Experienced managers know that vendors come and go. They plan for the eventuality that a critical partner company may go out of business or may be unable to meet their supply needs. It’s never a good idea to put all your eggs in one basket and bet the entirety of a company’s success on a third-party. The big guys know this, which is why they’re all about vertical integration; where possible, they often simple buy their suppliers. Where that’s not possible, they make sure they have multiple options for provisioning the resources they need.

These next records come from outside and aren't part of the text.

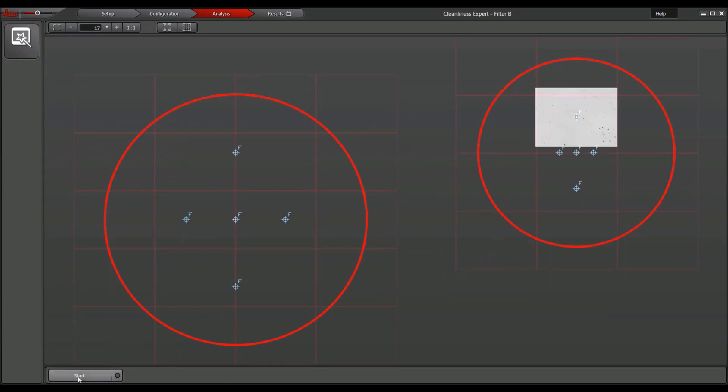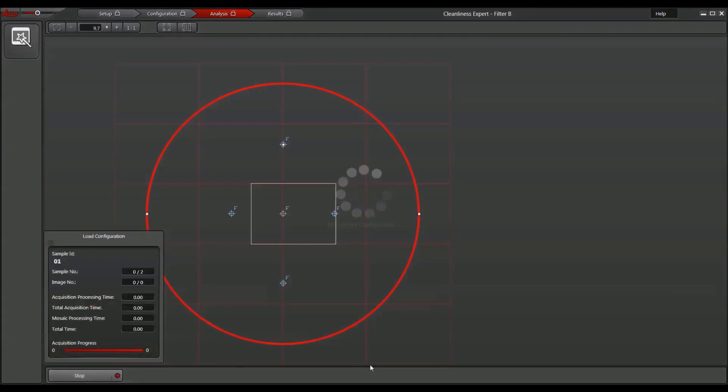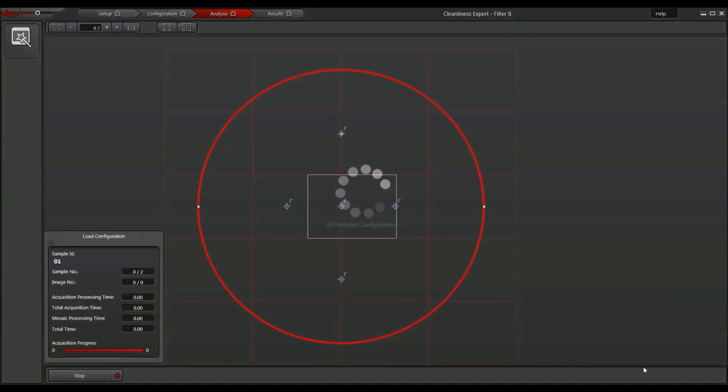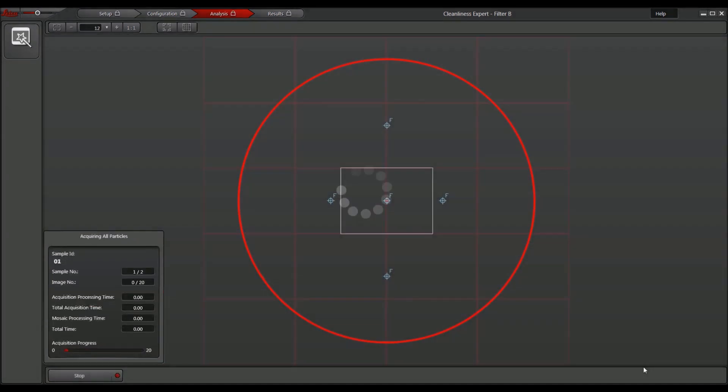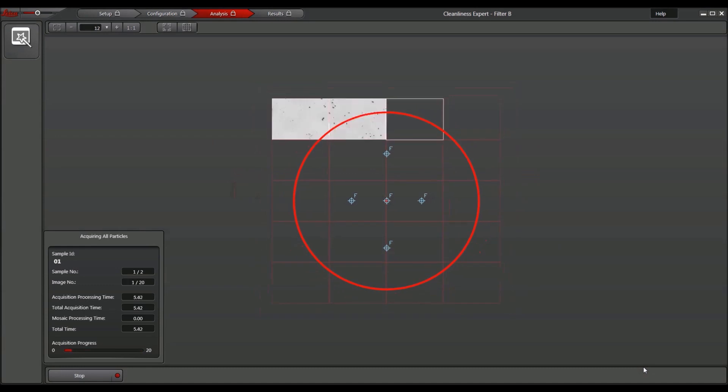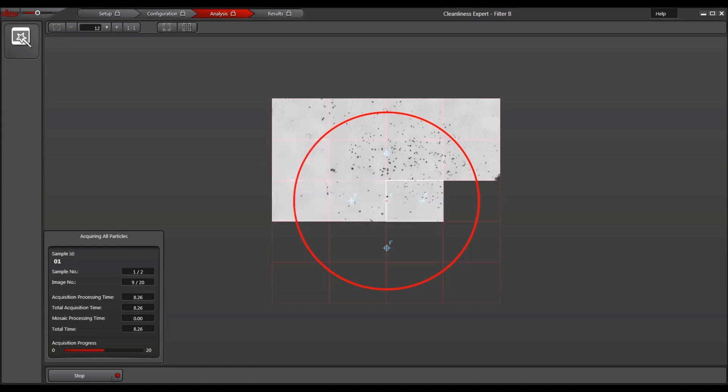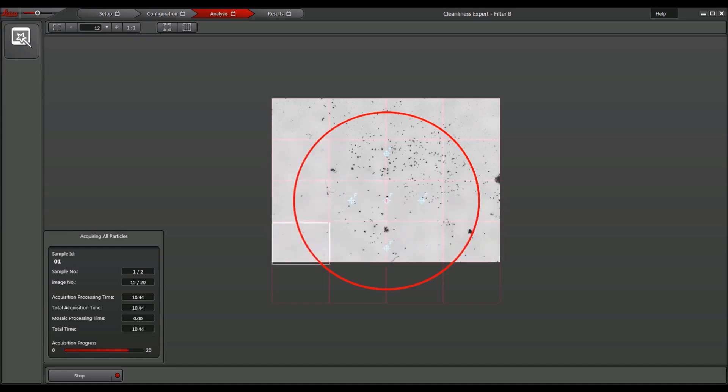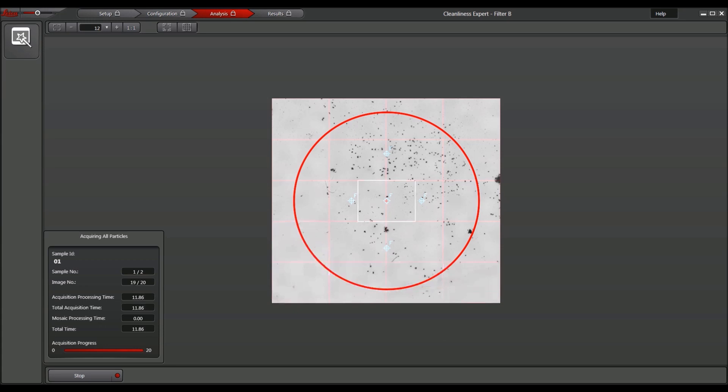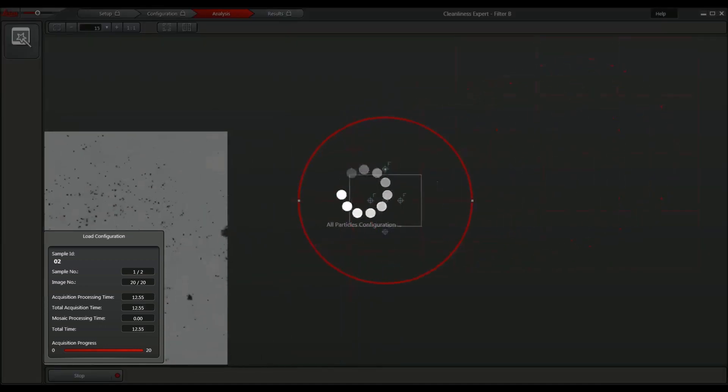Click Start to begin the analysis sequence. The proper configuration settings are loaded and the scan starts. As soon as the first filter sample analysis is finished, the stage moves the next sample into position and applies its predefined settings.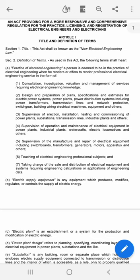Fourth, supervision of operation and maintenance of electrical equipment and power plants, industrial plants, watercrafts, electric locomotives, and others. Fifth, supervision on the manufacture and repair of electrical equipment including switchboards.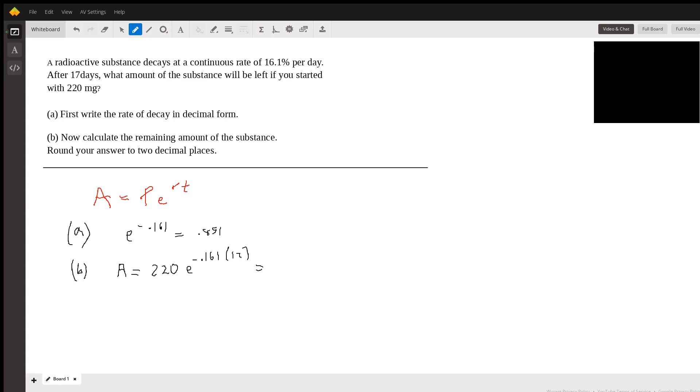negative 0.161 times 17. And then times 220. And I'm getting 14.2.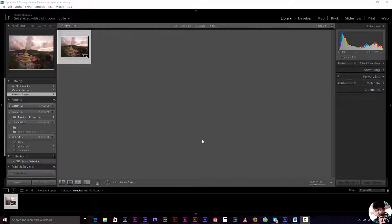Hey guys, this is Himmel from Creative Partsala. Lightroom is open and we're going to look at import.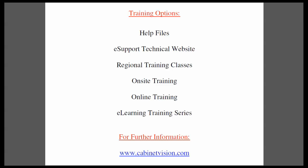This completes today's training movie. I would like to remind you of your training options. The help files are available within each Cabinet Vision product. The eSupport technical website is a great resource for questions and answers and features a technician monitored forum.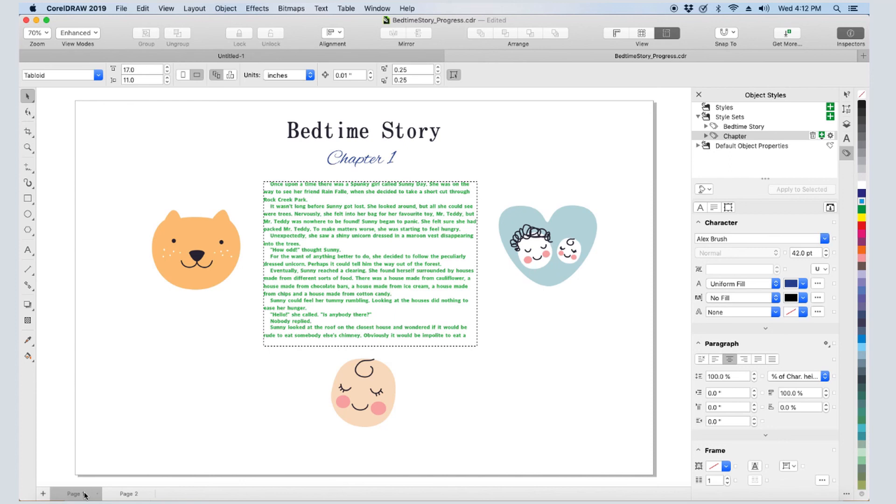This brings us to the end of this tutorial on paragraph text in CorelDRAW. If you've been watching this video on YouTube, you'll find a link in the description below that will take you to our tutorial page on Corel's Discovery Center. Here you can also download a written copy of this tutorial.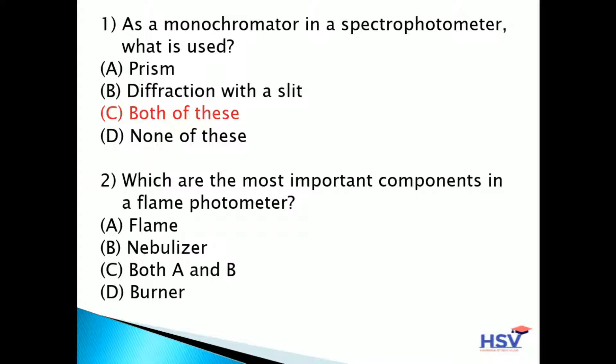Second question: which are the most important components in a flame photometer? Option A: flame. Option B: nebulizer. Option C: both A and B. Option D: burner. The answer is option C — both A and B. Flame and nebulizer are the most important components in a flame photometer.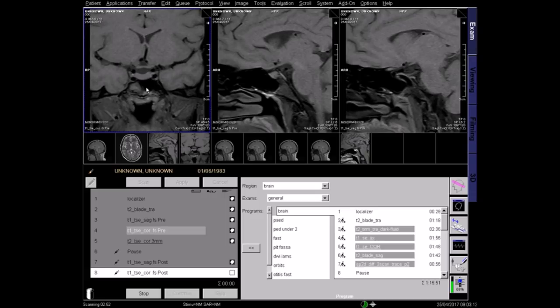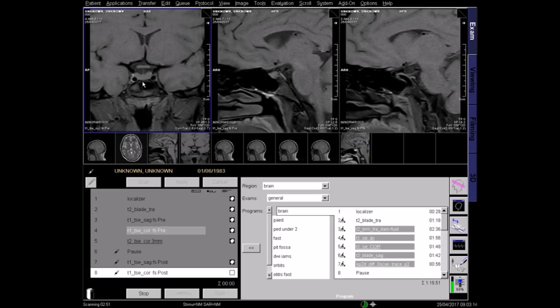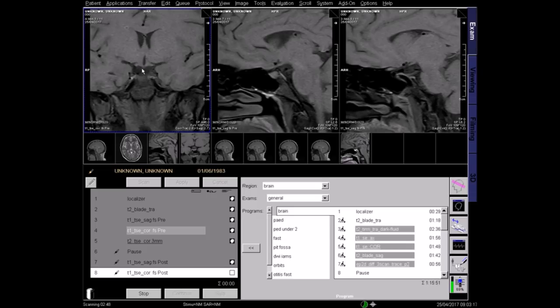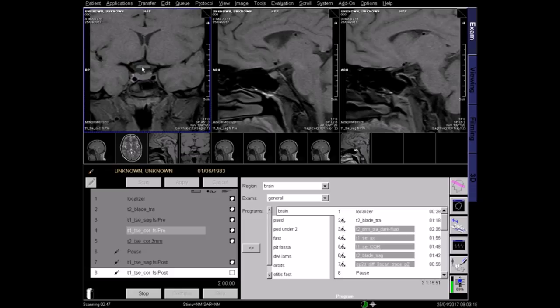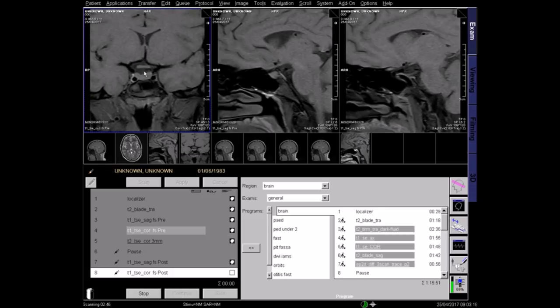This is a T1 coronal fat-saturated image. Here is the pituitary gland with the internal carotid arteries on either side. Check that the gland is covered anteriorly and posteriorly.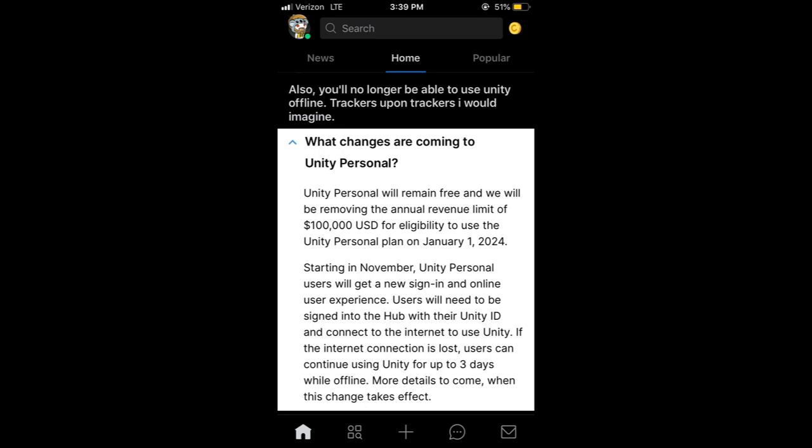It says that Unity Personal will be free with no revenue limit. I do know that the personal version of Unity — if you made, like, $100,000 — you had to start giving them a cut of whatever you made. I believe this only affects the personal plan, not the professional version. So maybe that version is still completely offline available. I don't know.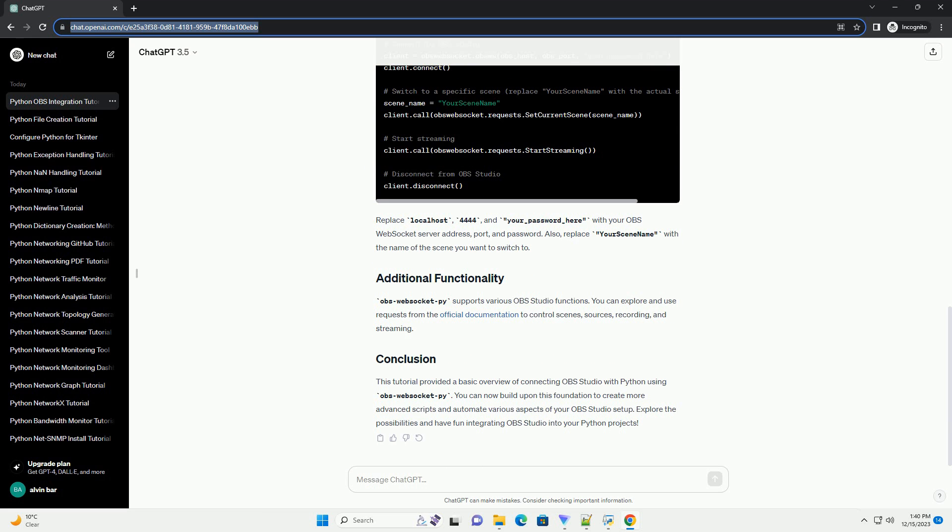This tutorial provided a basic overview of connecting OBS Studio with Python using OBS WebSocketPy. You can now build upon this foundation to create more advanced scripts and automate various aspects of your OBS Studio setup. Explore the possibilities and have fun integrating OBS Studio into your Python projects.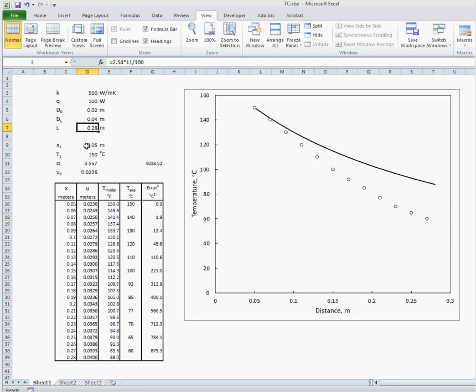Our first data point which we'll call X1 is located on the bar at about 0.05 meters from the bottom. And at that particular location, say our measured temperature was 150 degrees C at steady state.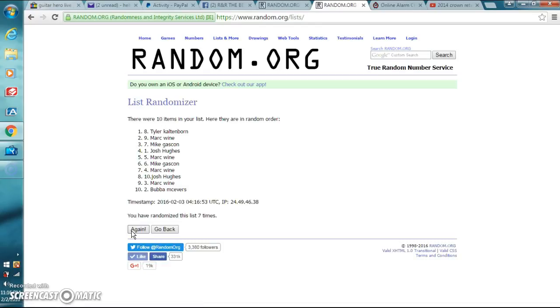Tyler Coltenborn, congratulations sir. You are the winner. Please send me your info.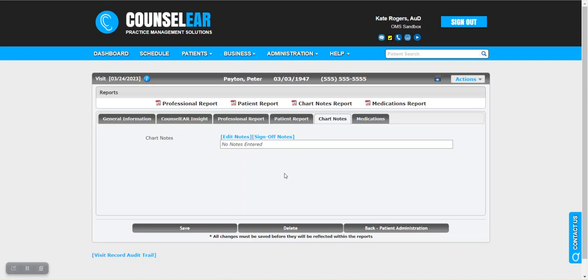So if you have any questions about this process, of course, please give us a call, email us, or live chat with us. We are always happy to help. Thank you very much for joining us for today's CounselEar Feature Friday, and as always, have a wonderful weekend.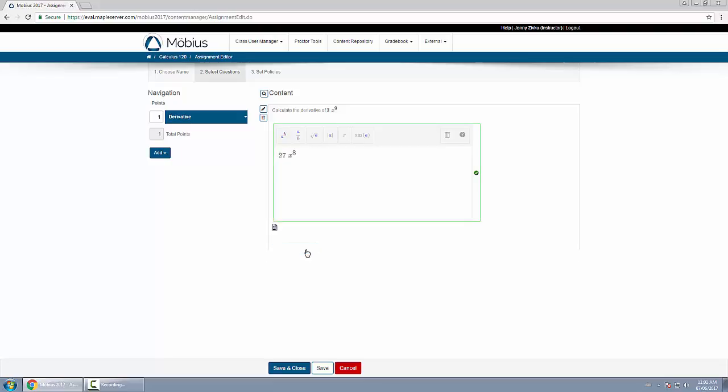The great part about our software is that we don't force students to enter the response in a certain way. They don't have to use the multiplication symbol or asterisk, they don't have to put a space character or put terms next to each other. It accepts any response as long as it's mathematically equivalent to the correct answer. And that's how you create a mathematical formula question.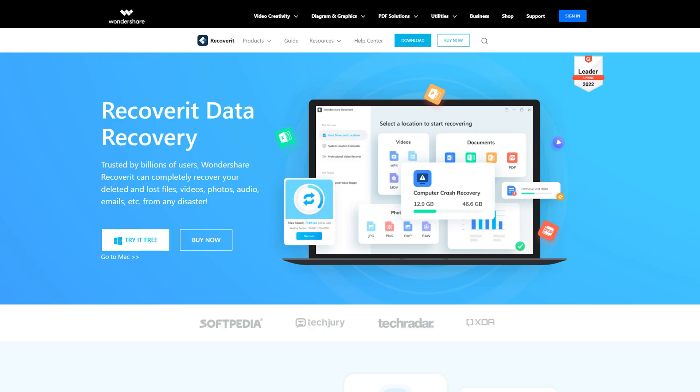Now, this is usually done with recovery software, of which there are many on the market. But there is one in particular that I want to show you today, which is Recoverit by a company called Wondershare. For total transparency, I have a big disclaimer to make, which needs a little bit of explaining.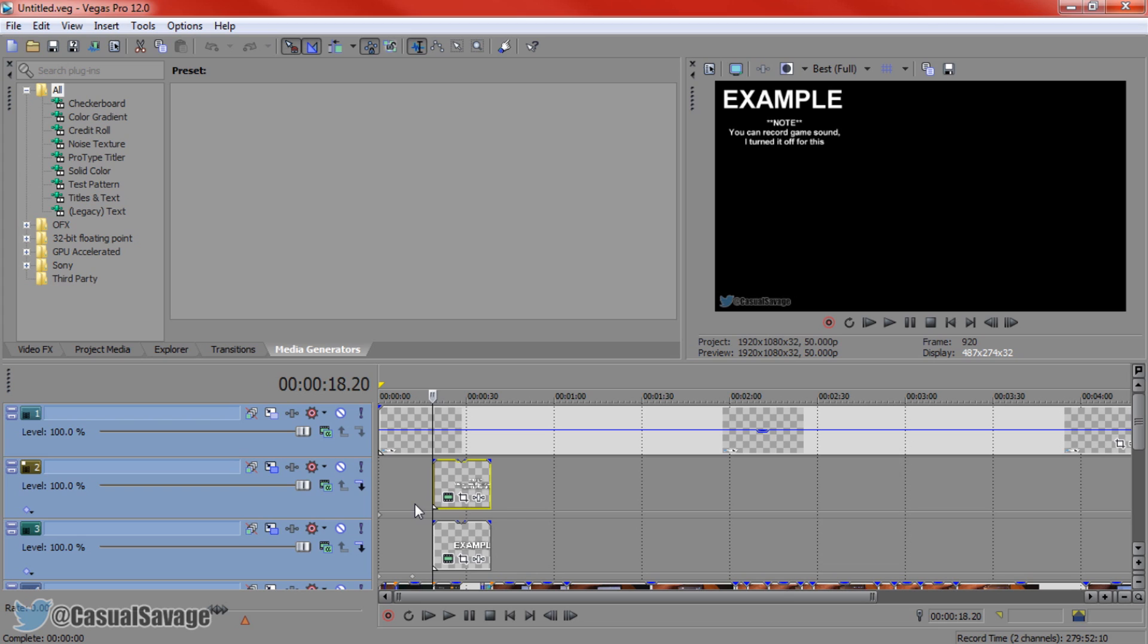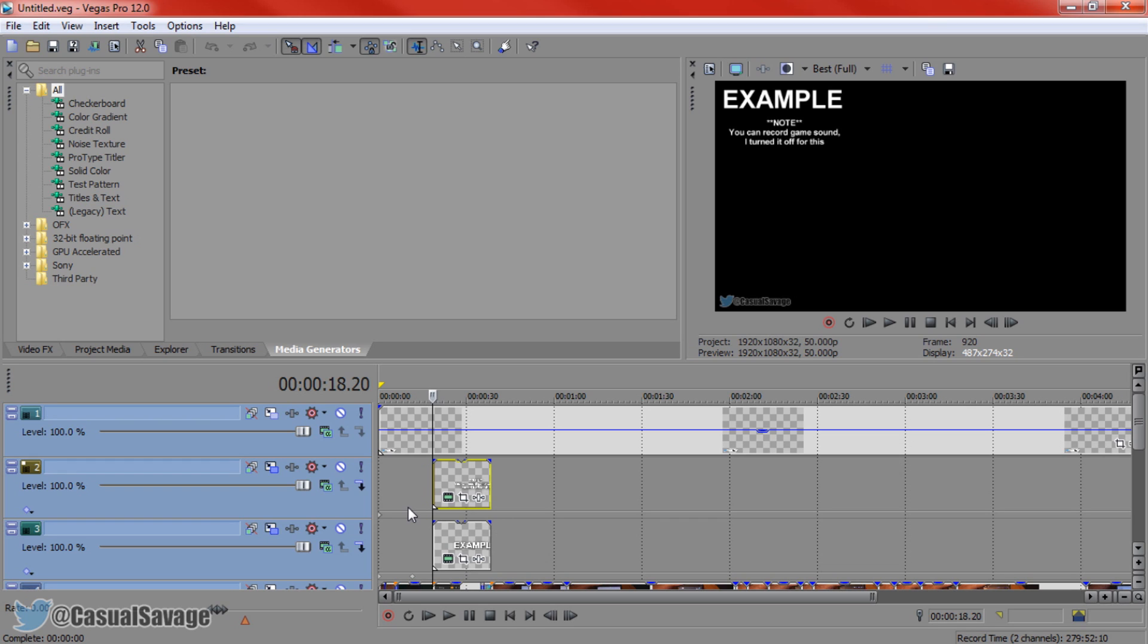Now for some time now, people have been telling me on their timeline when they insert a video, a picture, or text, they can't see generated media, the event pan and crop, or the effects. Now the reason you most likely can't see it is because you've probably accidentally pressed a shortcut to get rid of it.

Public cloud service providers are no different. The cloud sector is still volatile and immature, with startups sprouting almost daily and just as quickly shutting down; they may find that their business model is unsustainable for any number of reasons, they may be bought out and shuttered by a bigger fish, or they may just go bankrupt leaving their customers holding the bag. Even large cloud hosting companies aren’t entirely to be relied on.
One of the major concerns when a cloud vendor shutters is getting the data out and onto functioning platform. Migration between cloud vendors is getting easier, especially as standards are evolving around the open cloud, but the process is not nearly as smooth as it might be, and is likely to lead to disruption to business processes.
While public cloud businesses are all the rage these days, there’s a lot to be said for the traditional methods of provisioning infrastructure. Businesses turn to the cloud because they fear making a large investment in hardware, but, to deploy a private cloud or server cluster running on hardware the business owns or rents need not involve a crippling capital expenditure.
Collocated and dedicated server costs are competitive with cloud servers and the networking infrastructure is usually managed by data center system administrators, whereas cloud networking infrastructure is largely left up to the user, with expensive support contracts for those who need some hand holding.
Many of the benefits of cloud servers, including redundancy and failover, can be replicated with server clusters. And, although this is often touted as a benefit of the public cloud, the vast majority of businesses do not need on-demand server deployment; they need a solid, reliable platform that they can gradually scale as their business grows.